***** DATASET

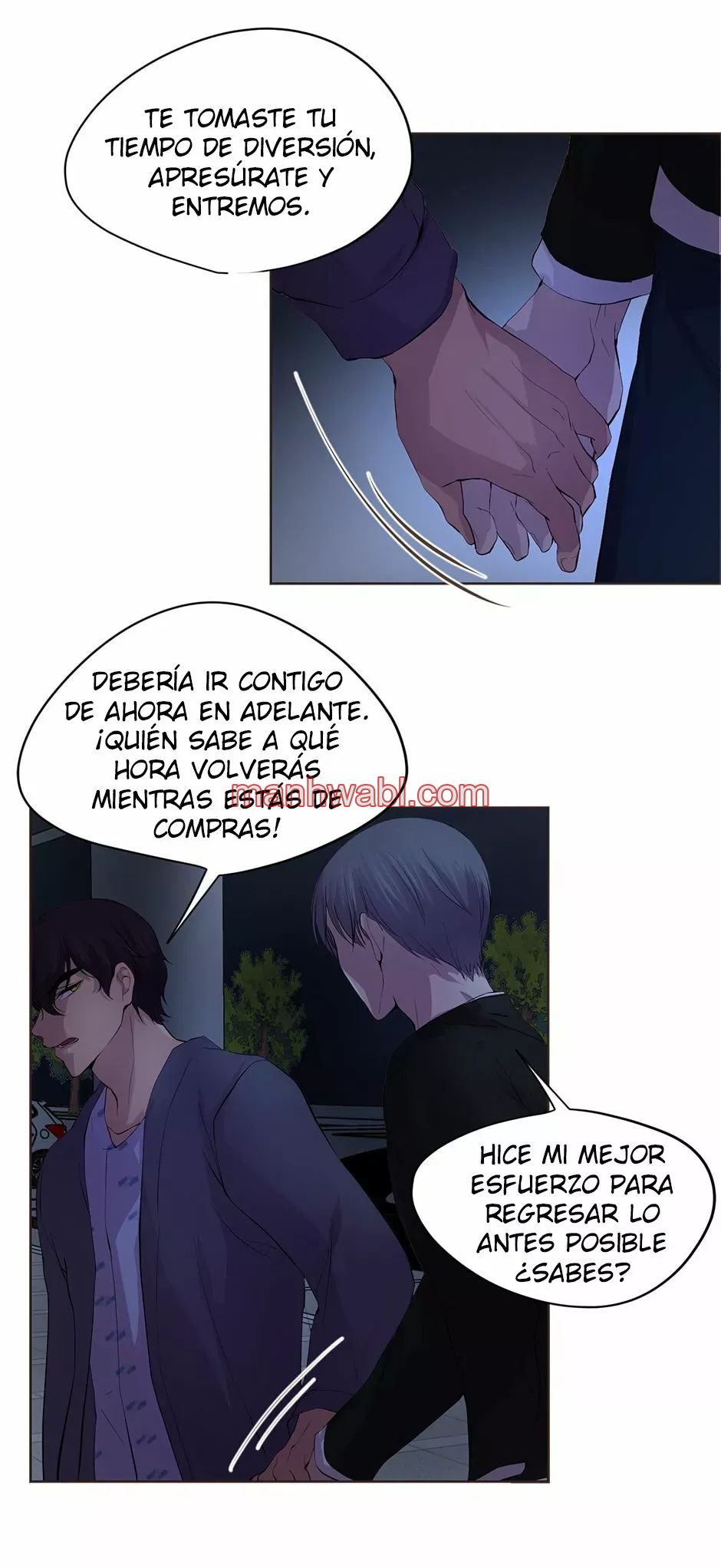 Abrázame Fuerte - Capítulo 21_2 manhwa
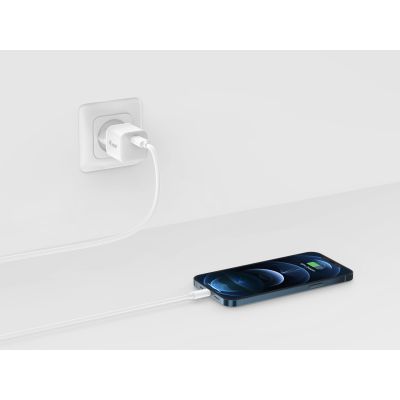 4. Equip 245530 Mobile Charger Tablet, Smartphone White AC Internal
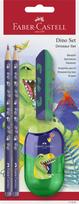 Faber-Castell - Pencil Set Dinosaur GP + Accessories (111519)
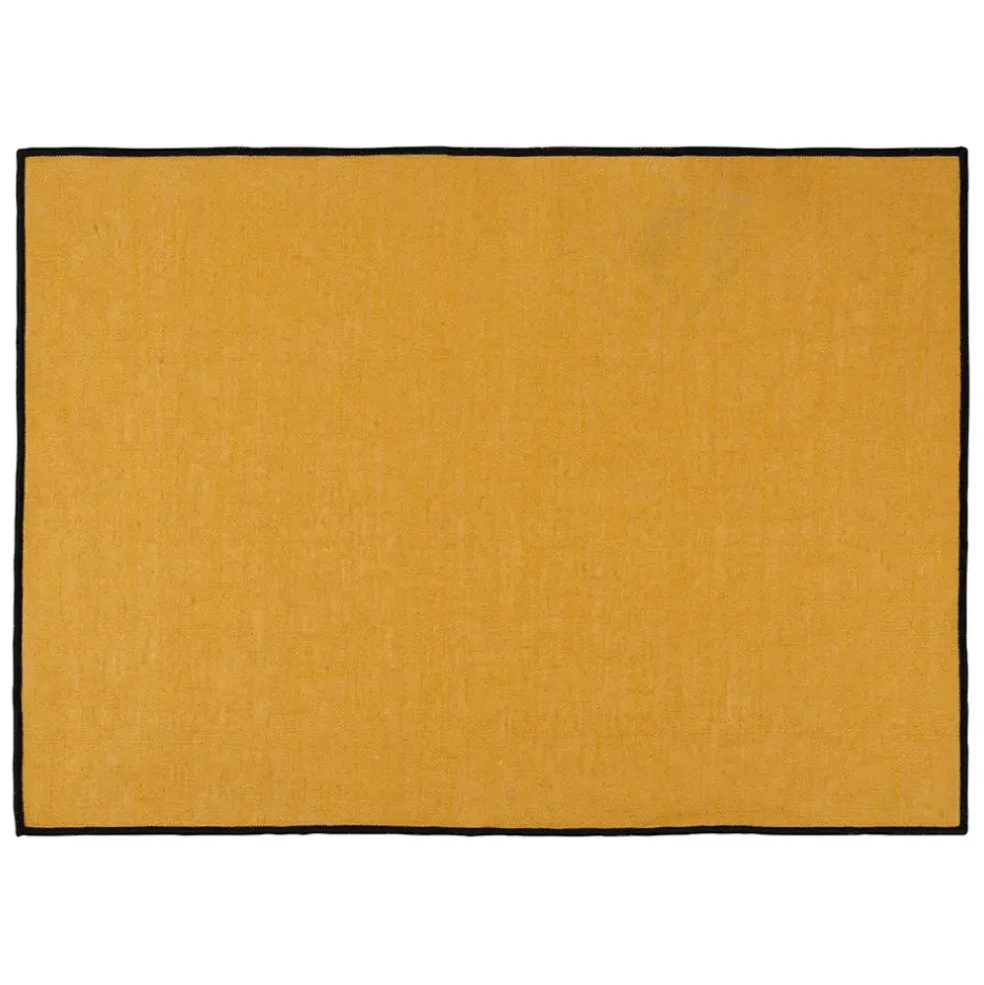 Set de table en lin safran 35x48cm - Borgo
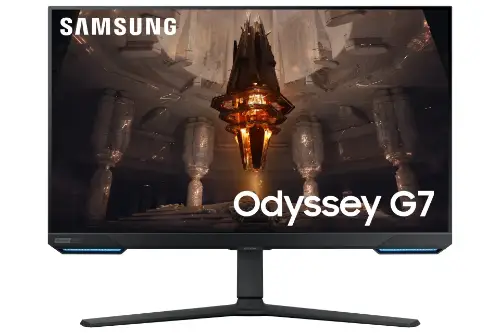 Picture of 80cm/32'' (3840x2160) Samsung Odyssey G7 S32BG700EU 16:9 1ms IPS HDMI 2xDisplayPort VESA Pivot Speaker 4K 144Hz Gaming Black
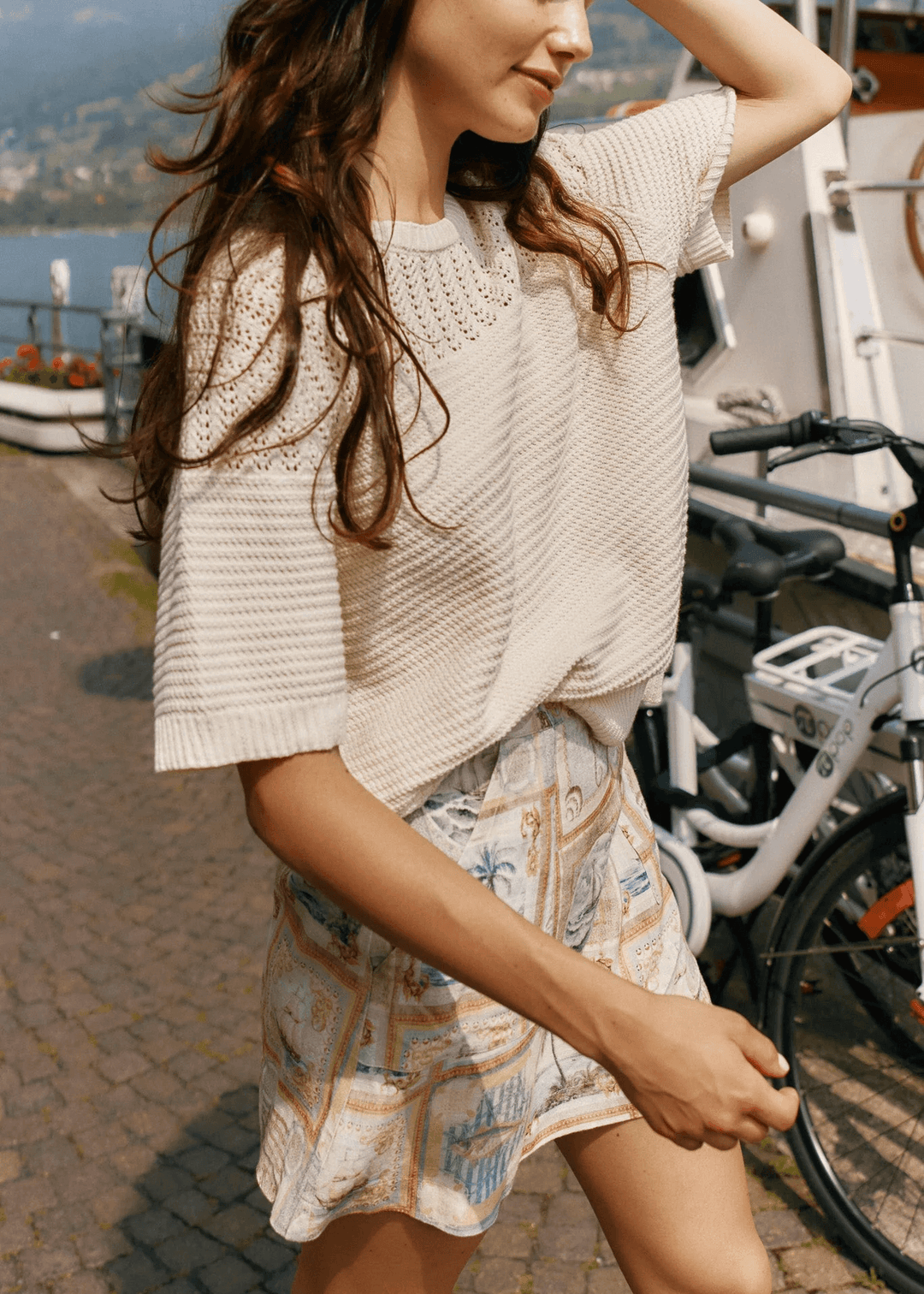 Sass - Cherri Tee Cream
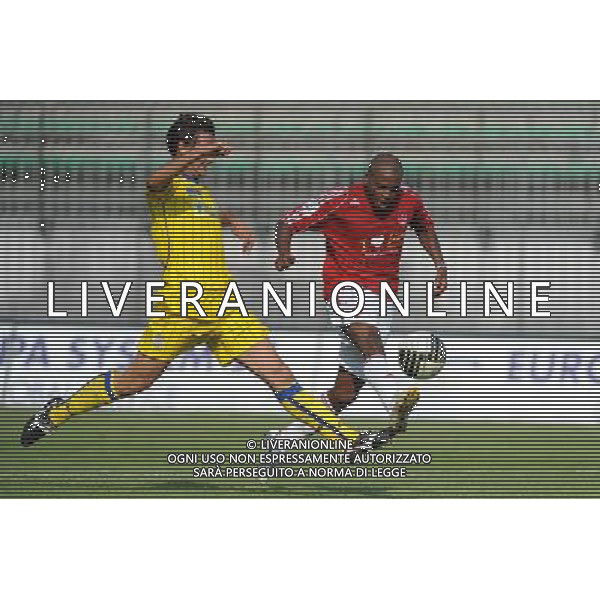 Campionato Lega PRO 1Á Divisione girone A Monza 5-09-2010 Monza - Verona nella foto: Stefano Seedorf (Monza) foto Garavaglia - ag. Aldo Liverani sas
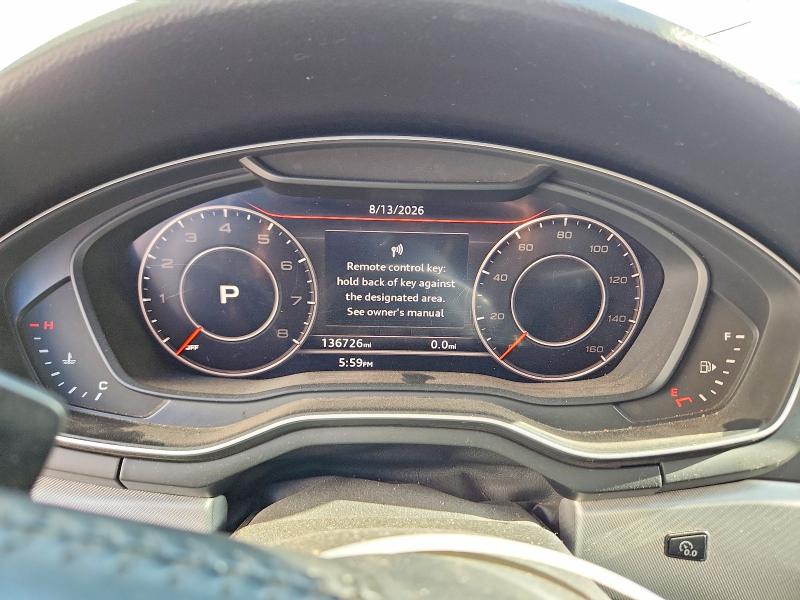 Продажа на аукционе авто 2017 Audi A4, vin: WAUENAF4XHN016256, номер лота: 64533716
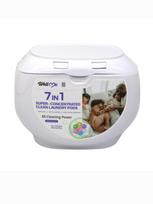 Super-concentrated universal 7in1 clean laundry pods WellWE - capsules washing very well. 8X cleaning Power 40 capsules. 1 box 40 capsules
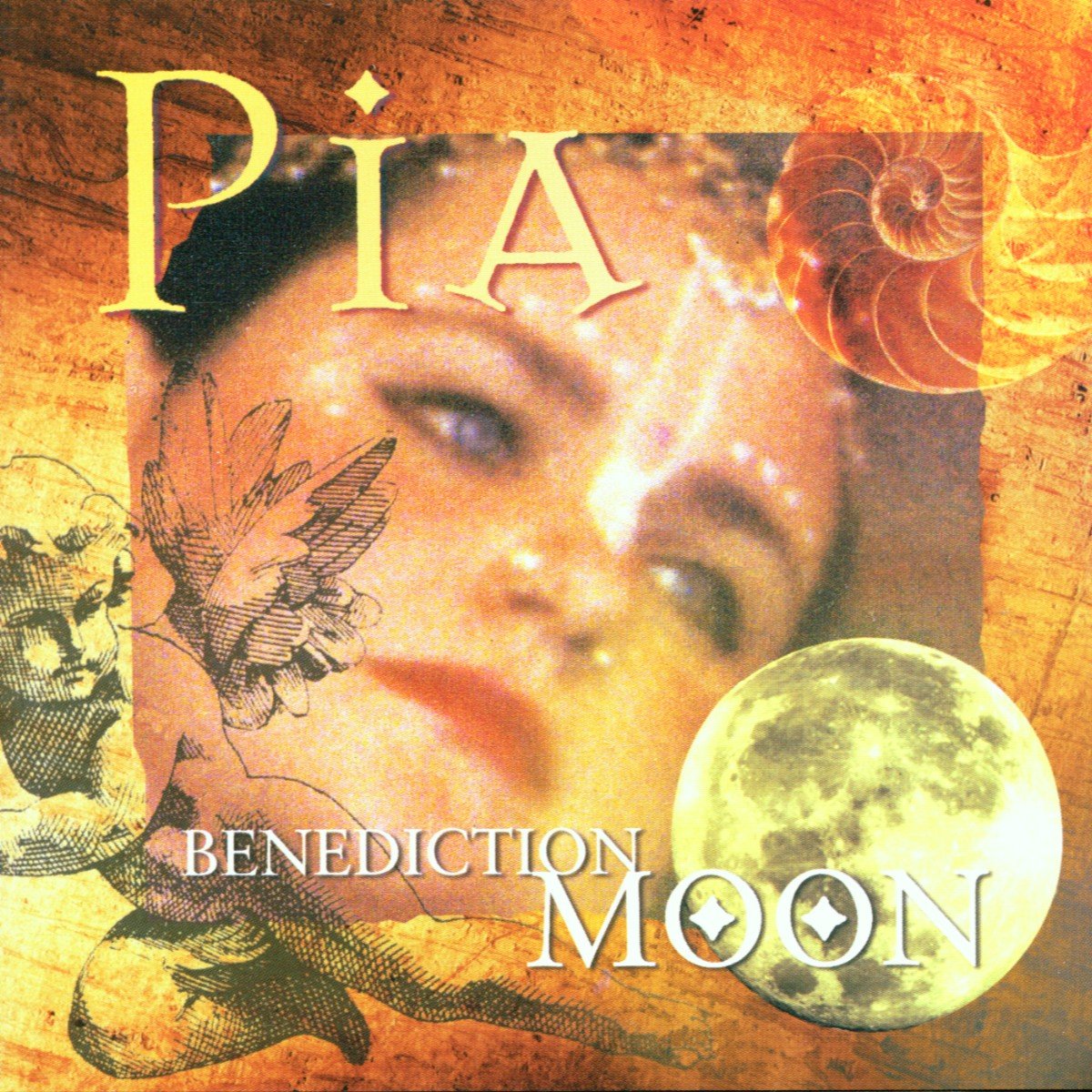 Pia / Benediction Moon - CD EX/EX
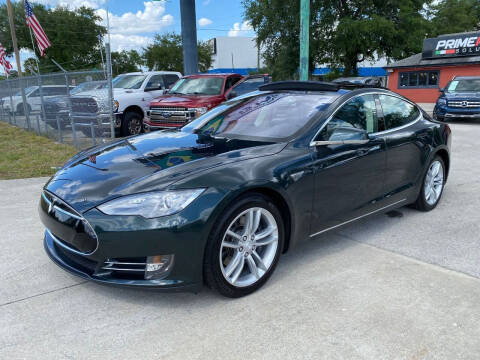 2013 Tesla Model S for sale at Prime Auto Solutions in Orlando FL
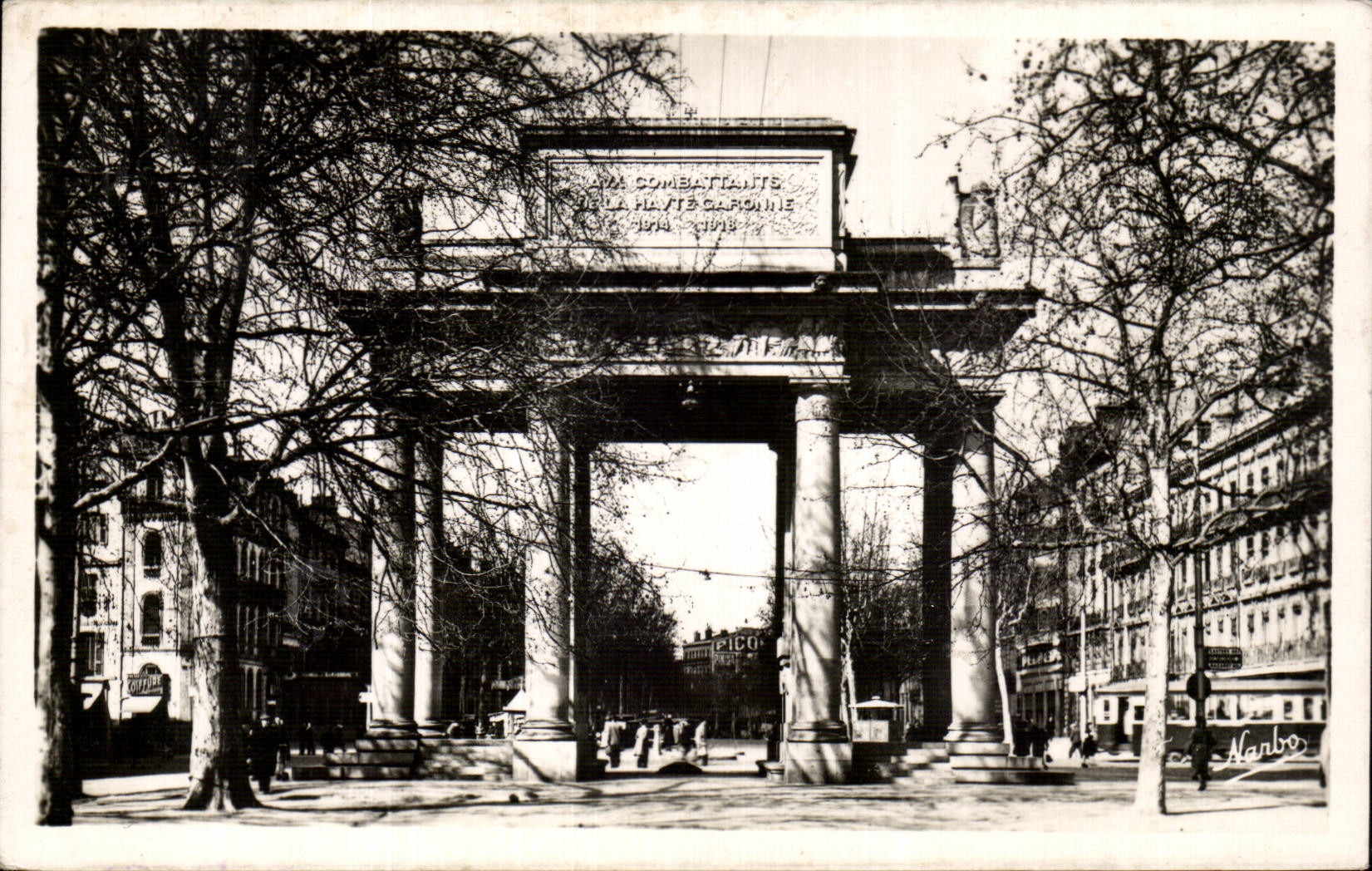Toulouse - Monument aux Morts - Boulevard Carnot - CPA 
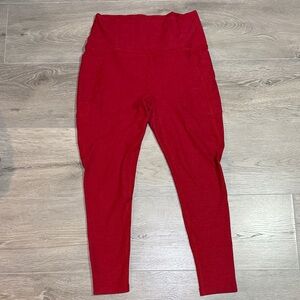 Beyond Yoga Spacedye Out Of Pocket High Waisted Midi Leggings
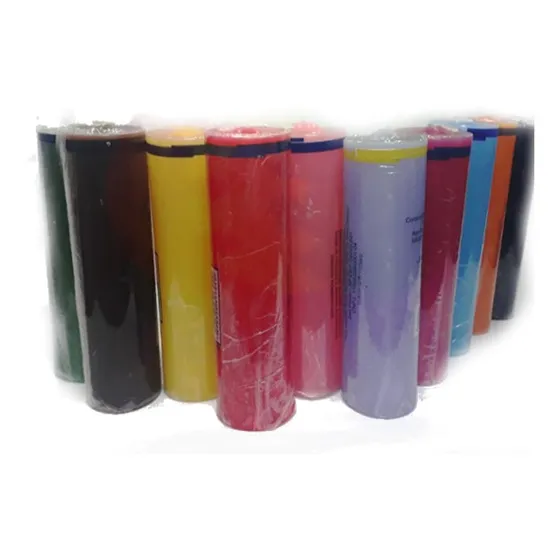 Velas Sete Dias Cores Umbanda Velas Linhas Orixás 7 Unidades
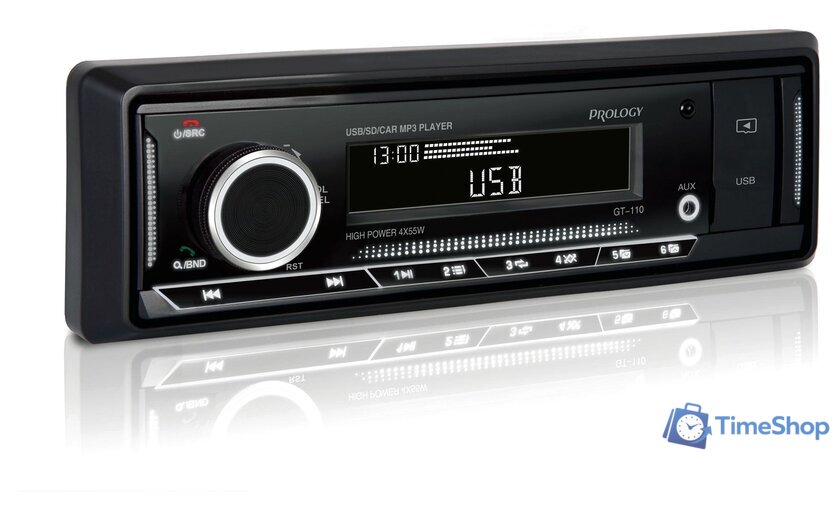 USB-магнитола Prology GT-110 - Изображение №3 — Интернет-магазин Time-Shop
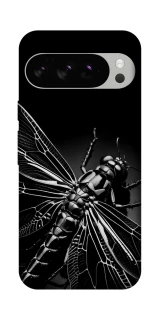 Чохол на Google Pixel 10 Pro Black dragonfly фото 1 з 1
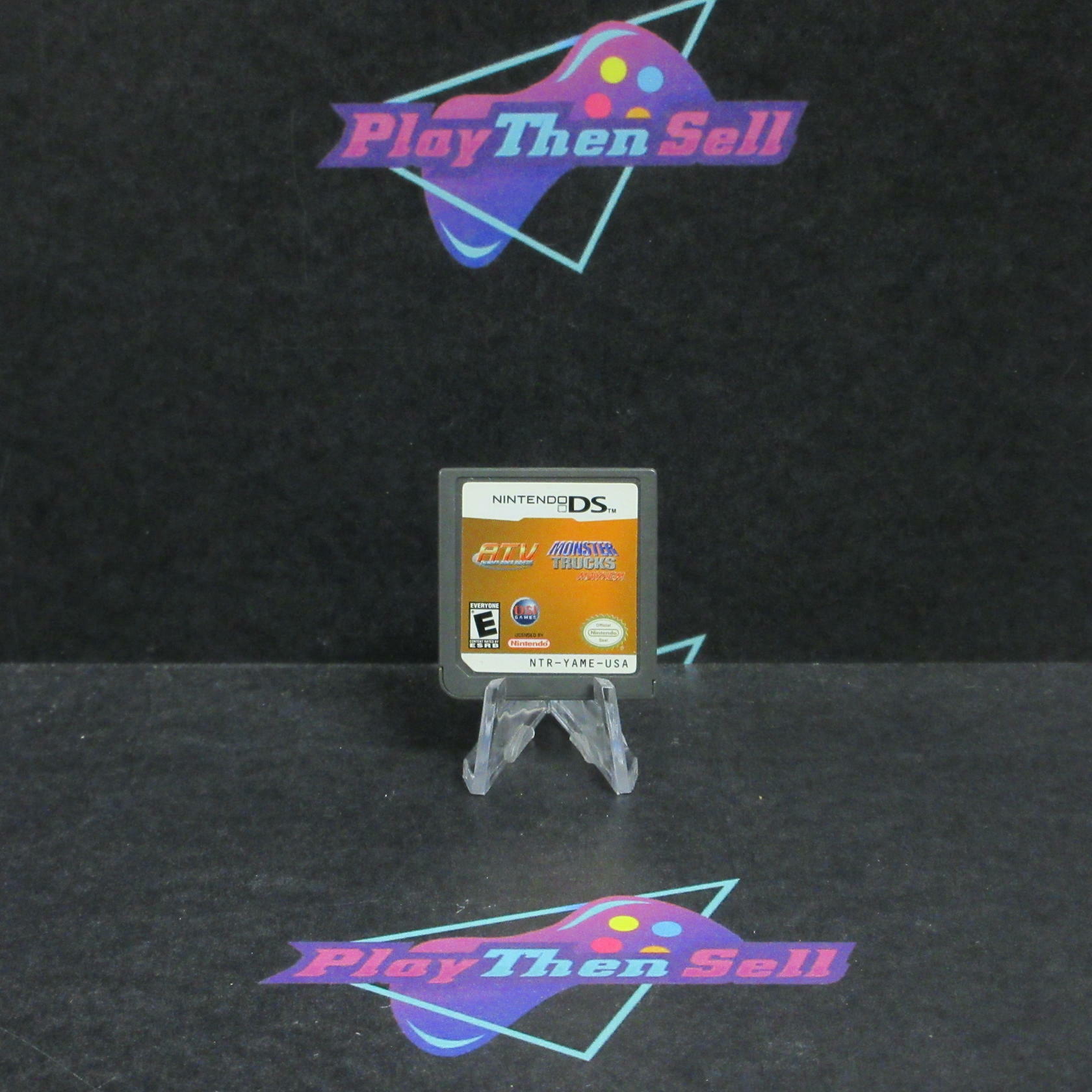 ATV Thunder Ridge Riders/Monster Trucks Mayhem Nintendo DS - Refurbished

**********

REQUIRED ACTION: Reproduce each record from above exactly; pictures do not belong in the copy.

RESPONSE AREA:
 Abrázame Fuerte - Capítulo 21_2 manhwa
 4. Equip 245530 Mobile Charger Tablet, Smartphone White AC Internal
 Faber-Castell - Pencil Set Dinosaur GP + Accessories (111519)
 Set de table en lin safran 35x48cm - Borgo
 Picture of 80cm/32'' (3840x2160) Samsung Odyssey G7 S32BG700EU 16:9 1ms IPS HDMI 2xDisplayPort VESA Pivot Speaker 4K 144Hz Gaming Black
 Sass - Cherri Tee Cream
 Campionato Lega PRO 1Á Divisione girone A Monza 5-09-2010 Monza - Verona nella foto: Stefano Seedorf (Monza) foto Garavaglia - ag. Aldo Liverani sas
 Продажа на аукционе авто 2017 Audi A4, vin: WAUENAF4XHN016256, номер лота: 64533716
 Super-concentrated universal 7in1 clean laundry pods WellWE - capsules washing very well. 8X cleaning Power 40 capsules. 1 box 40 capsules
 Pia / Benediction Moon - CD EX/EX
 2013 Tesla Model S for sale at Prime Auto Solutions in Orlando FL
Toulouse - Monument aux Morts - Boulevard Carnot - CPA 
 Beyond Yoga Spacedye Out Of Pocket High Waisted Midi Leggings
 Velas Sete Dias Cores Umbanda Velas Linhas Orixás 7 Unidades
 USB-магнитола Prology GT-110 - Изображение №3 — Интернет-магазин Time-Shop
 Чохол на Google Pixel 10 Pro Black dragonfly фото 1 з 1
 ATV Thunder Ridge Riders/Monster Trucks Mayhem Nintendo DS - Refurbished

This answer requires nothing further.